Suppose I have to use bilinear interpolation to rescale image. I more or less understand how enlargement works in case of integer scale factor.

But what to do with non-integer scale and especially when you need to downsample an image?


1 Answer 1



With a non-linear scale, you apply different weights for each pixel (or whatever unit you are using). You can use Euclidean distance towards the closest pixels in both directions to determine the weights.



For example, in the image below, the red image is the downsampled image (3x3) and the black image is the original image (4x4). The dots represent the sample points (center of the pixels).

You can align the two images by treating each pixel coordinate as a set of two values (x and y) between 0 and 1 (inclusive). Pixels should not be treated as square, so you should treat each pixel as a point rather than a square (when aligning the two images).

Larger and downsampled image

In the above image, the four corners would all carry the weight of the original image's four corners, for example. The points in the middle would carry different weights depending on the difference between the four neighboring points.

With numbers:

This is a hypothetical area to sample in larger images (not related to the image above). The distances are between original pixels are normalized from 0 to 1 to simplify the math.

The black dots represent the sample points (pixels) of the original image. The larger red dots represent the sample points of the downsampled image. The red dot in the top left is closer to the black dot in the top left than the other three surrounding dots, so that pixel will have a heavier weight for determining the color of the downsampled pixel.

Closeup of sampling region

Horizontal distance from:

  • Right 2 original (green) pixels = 0.1 pixels
  • Left 2 original (green) pixels = 0.9 pixels

Vertical distance from:

  • Top 2 original (green) pixels = 0.1 pixels
  • Bottom 2 original (green) pixels = 0.9 pixels

Weight for final pixel: $$weight(0, 0) = (1.0 - 0.1)(1.0 - 0.1) = 0.81$$ $$weight(0, 1) = (1.0 - 0.1)(1.0 - 0.9) = 0.09$$ $$weight(1, 0) = (1.0 - 0.9)(1.0 - 0.1) = 0.09$$ $$weight(1, 1) = (1.0 - 0.9)(1.0 - 0.9) = 0.01$$

Subtract from 1 both the horizontal and vertical distance (because closer pixels should carry more weight). The scale factor in this example is 0.75 in each direction.

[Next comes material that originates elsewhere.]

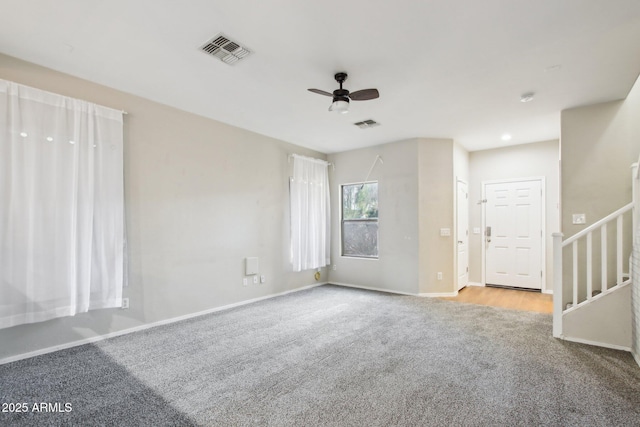 carpeted empty room featuring ceiling fan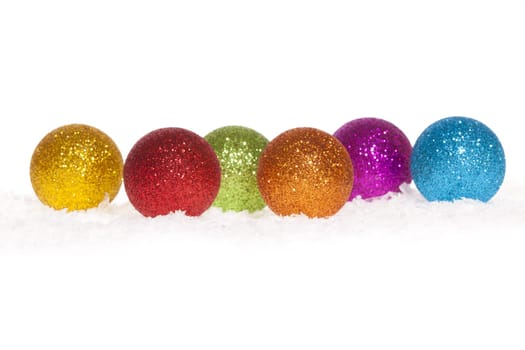 Colorful shiny Christmas tree baubles lying in the snow against white background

Scaling Up vs. Scaling Down

Scaling up in the same process as scaling down. By normalizing both the original image and the new image to between (0, 0) and (1, 1), you can do either with the same process. As an exercise, in the first figure, if the red points were from the original image and the black points were from the enlarged image, you should be able to see that the process is the same.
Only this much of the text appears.